Le compte à rebours est enclenché. Ce vendredi 3 juillet à 20 h, le service UberPOP sera suspendu en France.
Thibaud Simphal, qui dirige l’activité d’Uber dans l’Hexagone, a communiqué l’information au Monde.
C’est seulement la deuxième fois que l’entreprise américaine renonce à exploiter l’une de ses offres sans y avoir été contrainte par la justice – le premier cas concernait UberX dans la ville de Portland (Oregon).
Comment expliquer cette volte-face alors qu’Uber menait un combat juridique et judiciaire acharné au nom de la liberté d’entreprendre ? A en croire Thibaud Simphal, il en va de la sécurité des chauffeurs, « victimes d’actes de violence des derniers jours ».
La température est effectivement montée d’un cran depuis le jeudi 25 juin et cette mobilisation musclée des taxis qui avait résonné jusqu’à Matignon. Ils étaient plusieurs milliers à manifester dans tout la France pour dénoncer la « concurrence déloyale » d’UberPOP, qui met en relation des passagers et des chauffeurs non professionnels assurant le transport avec leur propre véhicule.
Dans le cadre de ce mouvement, Yann Ricordel, directeur général de la société Les Taxis Bleus, en avait appelé « à la responsabilité des dirigeants d’Uber pour que le service soit gelé en attente de la décision finale du tribunal ». Celle-ci doit intervenir en septembre : la cour d’appel de Paris rendra un jugement sur la légalité d’UberPOP au regard de la loi Thévenoud destinée à réglementer l’équilibre concurrentiel taxis-VTC.
Face à la montée de violence, le ministre de l’Intérieur Bernard Cazeneuve avait demandé au Préfet de Paris d’interdire UberPOP. Le lendemain, le président de la République François Hollande avait demandé, en marge d’un sommet européen à Bruxelles, qu’UberPOP soit « dissous » et « déclaré illégal ».
Trois jours plus tard, le 29 juin, les deux patrons d’Uber pour l’Europe de l’Ouest (Pierre-Dimitri Gore-Coty) et la France (Thibaud Simphal) étaient placés en garde à vue.
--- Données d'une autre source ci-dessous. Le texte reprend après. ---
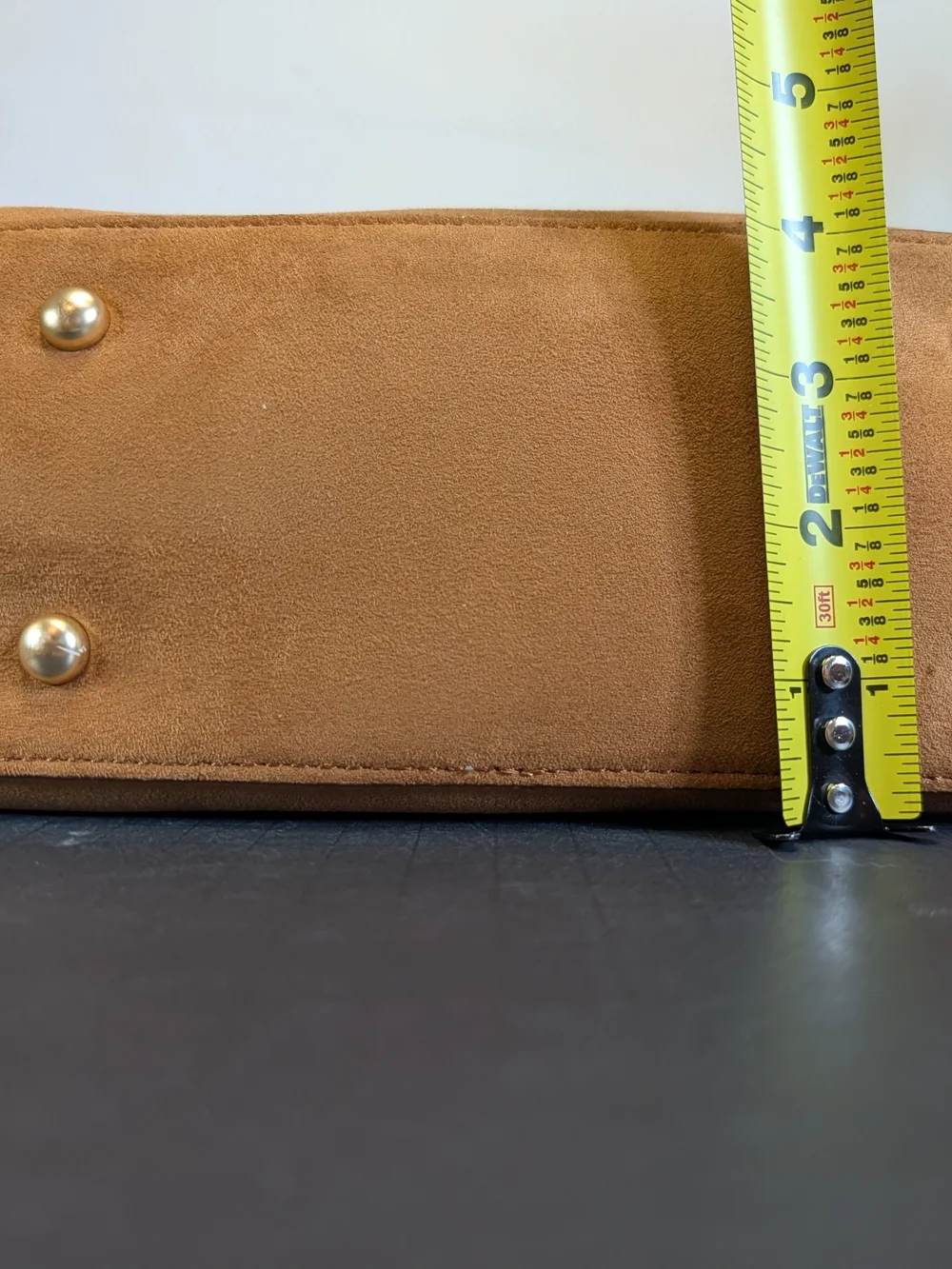 Nanette Lepore Faux Suede Satchel Bag in Camel W/Gold-tone Accent Chain
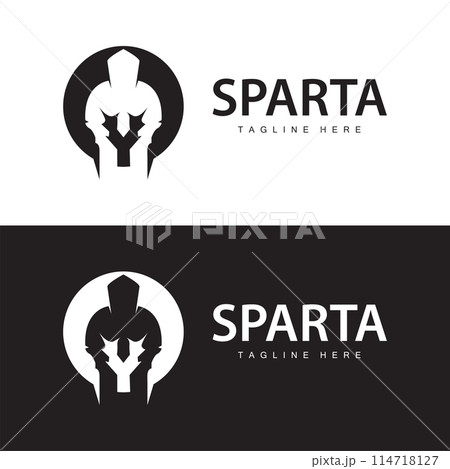 Spartan logo, barbarian warrior badge design simple silhouette spartan war helmet vector 114718127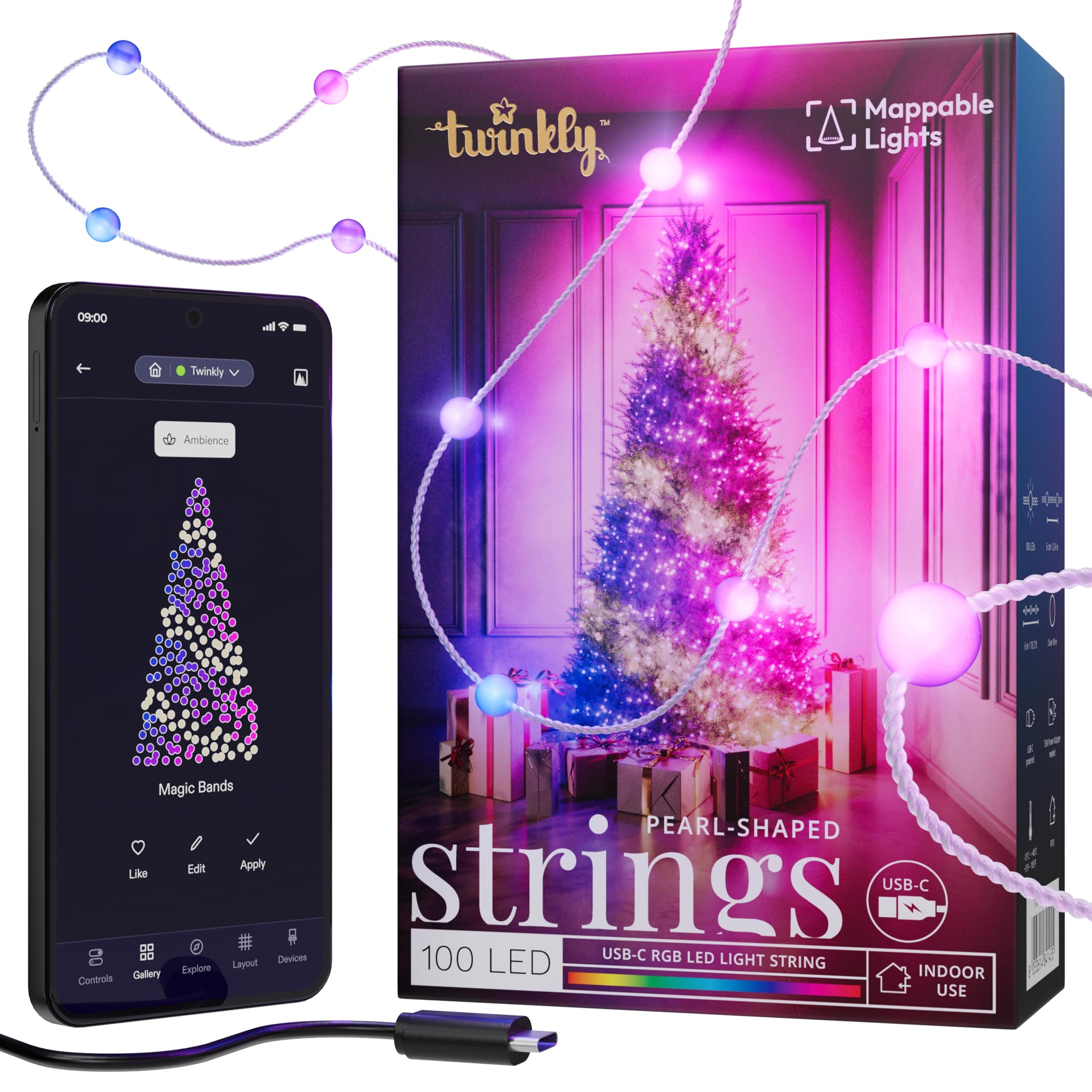 Twinkly Strings USB-C Pearls 100 LED, Pearl-Shaped LED Light String, RGB Multicolor LED Lights, Valentine's Day Lights, Compatible with Alexa, Google Home, USB-C Power, Transparent Wire, 19.7ft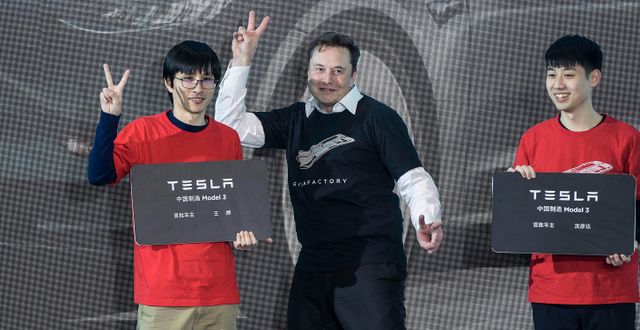 Musk vid förra besöket i Shanghai i januari 2020. Ding Ting / AP
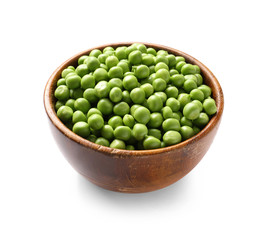 Bowl with tasty fresh peas on white background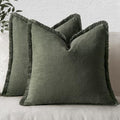 MIULEE Boho Linen Fringe Decorative Throw Pillow Covers Rifle Green 20x20 by MIULEE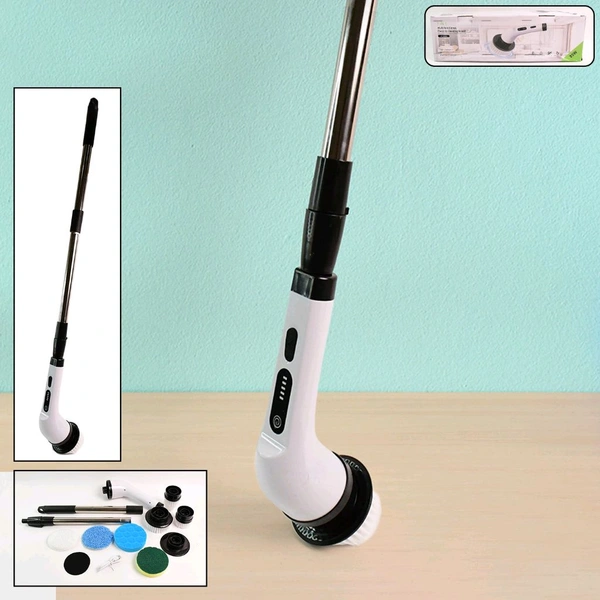 7-in-1 Electric Spin Scrubber Cleaning Brush with Extension Handle – Cordless Rechargeable Power Scrubber (1 Set / 25W)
Avant d’être déférés au Parquet le lendemain dans la matinée.
Quelques heures plus tard, on apprenait qu’ils seraient jugés devant un tribunal correctionnel, avec une première audience le 30 septembre. Ils devront répondre, non seulement en tant que représentants d’Uber, mais aussi en engageant leur responsabilité individuelle, de six chefs d’accusation, parmi lesquels « pratique commerciale douteuse », « complicité par instigation et fourniture de moyens d’exercice illégal de l’activité d’exploitant-taxi » et « organisation illégale d’un système de mise en relation de clients ».
Dans l’immédiat, Uber préfère suspendre le service incriminé, dans un « esprit de dialogue avec les pouvoirs publics ». Tout en s’en remettant, sur le fond, à la décision du Conseil constitutionnel attendue pour septembre.
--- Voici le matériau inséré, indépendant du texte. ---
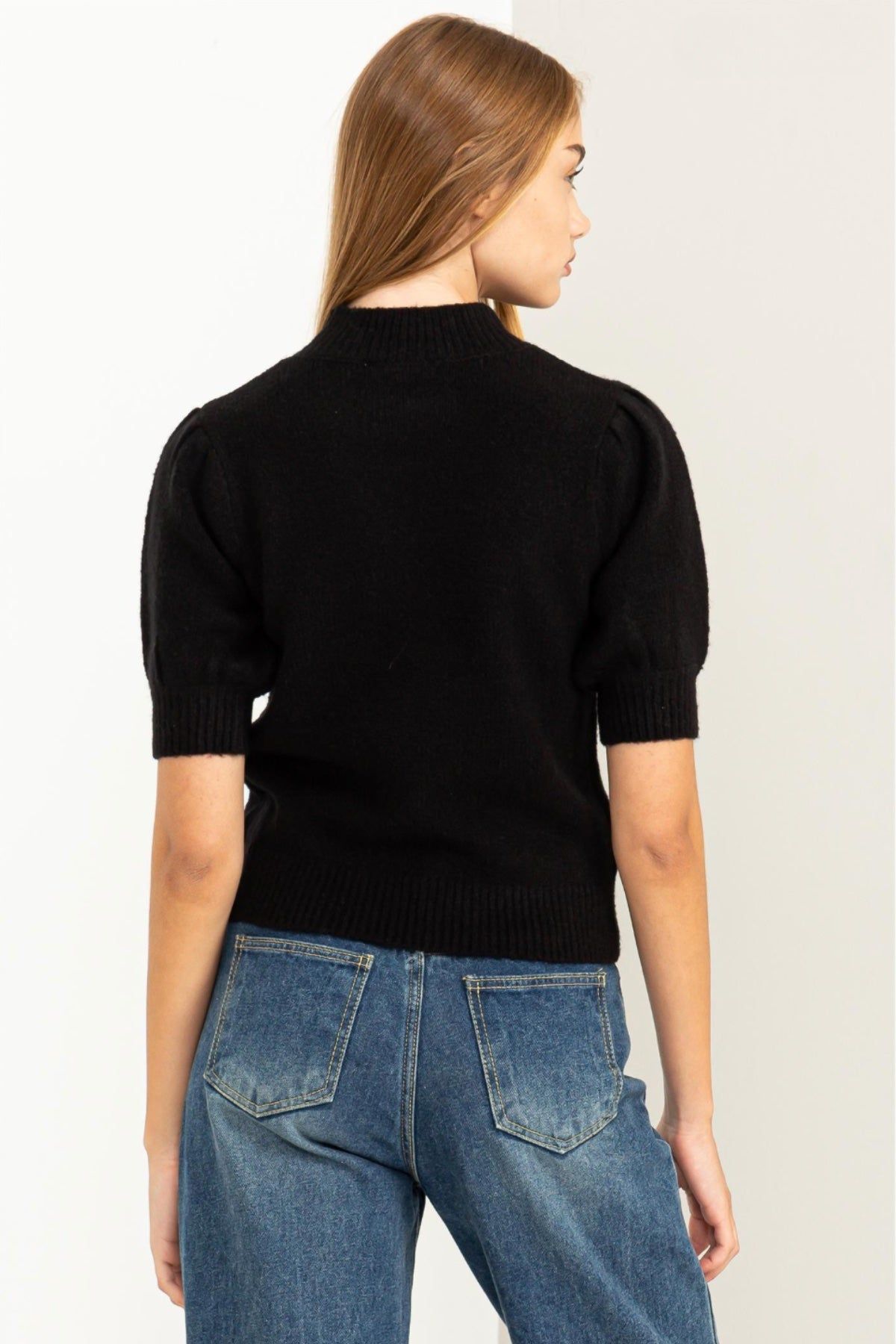 Puff Sleeve Knit Top - LK’s Boutique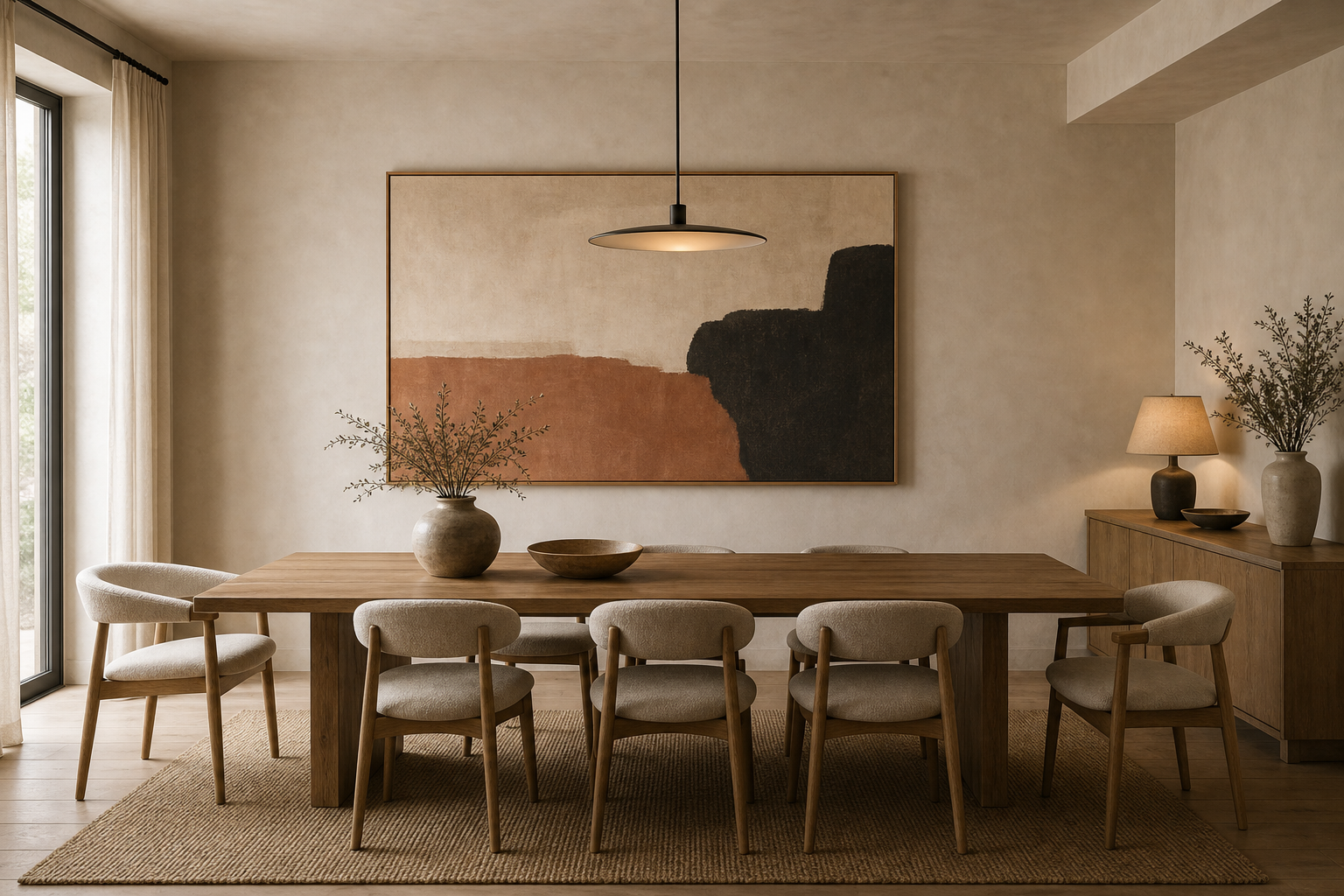 Warm minimalist dining room with oversized cream, terracotta, and black abstract art, long timber table, pale chairs, disc pendant, woven rug, and low sideboard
Cette décision reste surprenante au regard de la ténacité dont l’entreprise californienne avait fait preuve jusque-là, ignorant les menaces et les irrégularités dénoncées. Notamment sur la situation des chauffeurs UberPOP, qui ne paient ni cotisations sociales, ni impôts, ne sont pas assurés professionnellement et n’ont aucun agrément.
Thibaud Simphal précise que la suspension du service n’est pas liée à l’action de police de ces derniers jours. « Tout ce bruit a plutôt fait de la publicité pour la plate-forme », qui compte officiellement près de 10 000 conducteurs occasionnels, pour 400 000 utilisateurs.
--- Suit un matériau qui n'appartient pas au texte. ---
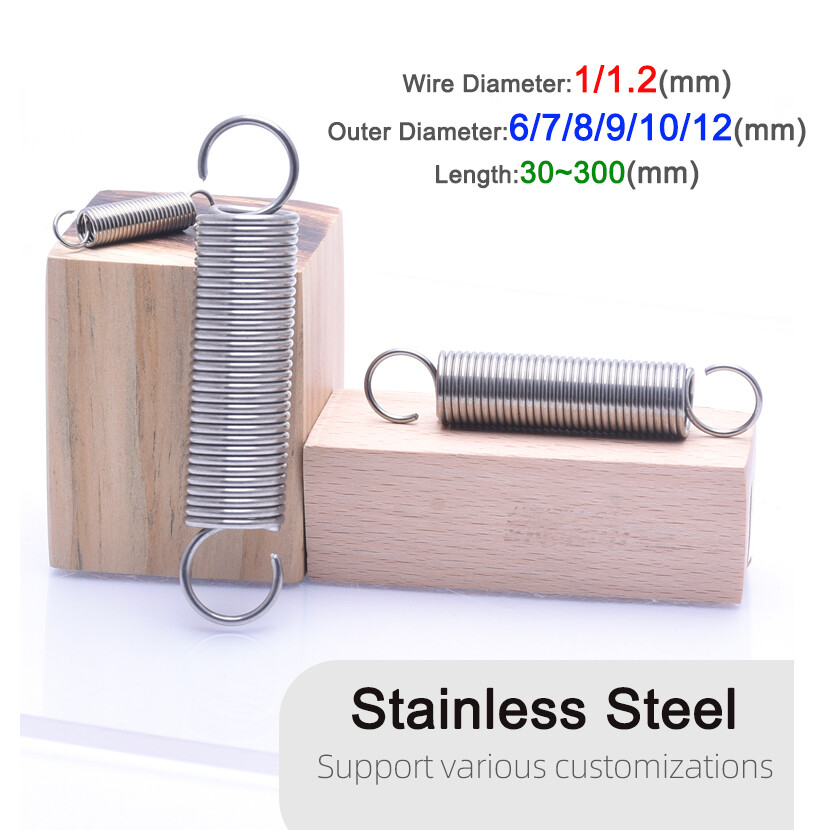 Stainless Steel Double Hook Tension Spring 1mm 1.2mm Wire Stretch Spring
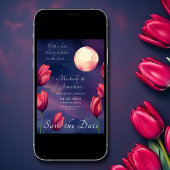 書Stars Moon and Tulips Photo 結婚's セーブザデート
Que vont devenir ces chauffeurs ? « Nous allons les aider », assure Thibaud Simphal, tout en précisant que « 87 % ont une autre activité à côté ». Pour remettre ces conducteurs sur la route, « on va les aider dans la course d’obstacles pour devenir VTC. Parce que les faits démontrent que la réglementation ne fonctionne absolument pas ».
Réaffirmant sa volonté de coopération avec les pouvoirs publics, Uber les exhorte à «[voir] une complémentarité, plutôt qu’une concurrence, entre les différents modes de transport », à l’heure où « plusieurs milliers [de personnes] attendent en vain leur carte [de VTC] ».
Thibaud Simphal estime que la balle est dans le camp du gouvernement. Il propose de rapprocher le régime français de celui de Londres (80 000 VTC et 30 000 taxis dans la capitale britannique, contre respectivement 10 000 et 17 700 à Paris). Tout en n’exigeant plus « une formation en nombre d’heures [il en faut 250 actuellement, ndlr], mais des compétences validées par examen ».